Self-worth is one of those things that most people pursue in one way or another. I think we’re all looking for affirmation that the decisions we’re making in life are the right ones. This is especially true when we’re younger - we always look towards our peers and our elders for confirmation that what we are and the choices we’ve made are the right ones. Unfortunately, we don’t always get the answers that we want or the self-affirmation that we need.

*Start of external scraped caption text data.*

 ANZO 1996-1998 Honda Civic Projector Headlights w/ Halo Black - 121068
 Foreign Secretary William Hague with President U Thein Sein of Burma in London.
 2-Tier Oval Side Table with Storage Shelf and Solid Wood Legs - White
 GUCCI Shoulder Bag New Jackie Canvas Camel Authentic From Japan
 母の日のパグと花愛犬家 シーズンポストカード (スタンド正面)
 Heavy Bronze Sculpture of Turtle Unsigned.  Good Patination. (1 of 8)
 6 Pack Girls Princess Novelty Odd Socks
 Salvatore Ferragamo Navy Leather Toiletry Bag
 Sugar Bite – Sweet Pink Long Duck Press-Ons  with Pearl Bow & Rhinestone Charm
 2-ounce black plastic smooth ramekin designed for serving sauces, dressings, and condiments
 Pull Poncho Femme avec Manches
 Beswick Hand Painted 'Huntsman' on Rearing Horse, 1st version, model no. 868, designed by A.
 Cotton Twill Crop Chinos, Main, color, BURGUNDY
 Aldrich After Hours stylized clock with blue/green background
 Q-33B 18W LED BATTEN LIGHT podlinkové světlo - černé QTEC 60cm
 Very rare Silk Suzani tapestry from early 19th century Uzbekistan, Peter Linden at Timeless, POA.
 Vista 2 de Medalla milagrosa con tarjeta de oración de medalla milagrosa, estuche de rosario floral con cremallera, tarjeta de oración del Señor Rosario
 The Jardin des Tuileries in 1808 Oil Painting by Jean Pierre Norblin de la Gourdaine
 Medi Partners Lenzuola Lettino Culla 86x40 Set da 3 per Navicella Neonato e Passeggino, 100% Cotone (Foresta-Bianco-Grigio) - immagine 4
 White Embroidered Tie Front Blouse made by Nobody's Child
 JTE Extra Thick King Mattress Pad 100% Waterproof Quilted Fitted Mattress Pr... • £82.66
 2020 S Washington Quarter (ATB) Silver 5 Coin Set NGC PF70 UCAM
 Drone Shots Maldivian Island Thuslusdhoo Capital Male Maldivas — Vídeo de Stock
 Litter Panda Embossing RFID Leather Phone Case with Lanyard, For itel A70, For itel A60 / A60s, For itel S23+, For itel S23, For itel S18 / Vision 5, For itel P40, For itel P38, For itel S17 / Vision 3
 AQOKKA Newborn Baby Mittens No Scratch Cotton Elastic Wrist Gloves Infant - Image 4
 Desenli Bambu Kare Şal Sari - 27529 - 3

As I’ve gotten older and wiser, I’ve come to the conclusion that looking for self-affirmation by turning towards others is an ultimately futile exercise. It’s been my experience that just about everyone is wrapped up in their own problems, and very few people have time to lend a sympathetic ear. It’s the nature of our society nowadays - we’re narcisstic, less inclined towards community service, and more insistent that we fulfill our own needs even at the expense of somebody else’s. Not to mention that we don’t want to hear about somebody elses troubles because we find it depressing to listen to - and who wouldn’t?

One of the great things about reaching my mid-twenties was the realisation that I no longer needed anyone’s approval or advice before coming to a decision that I was happy with. I had enough self-confidence in myself to do things my own way. As a result, the decisions that I’ve made in my life haven’t always been ones that my parents or anyone else would approve of, but they’ve benefited me enormously.

The most worthwhile lesson I’ve learned from my time in Melbourne as an independent adult, is the ability to make decisions clearly and decisively without excessively worrying about what other people think. It’s something that every maturing adult has to learn eventually - I’m glad I learned that lesson just in time.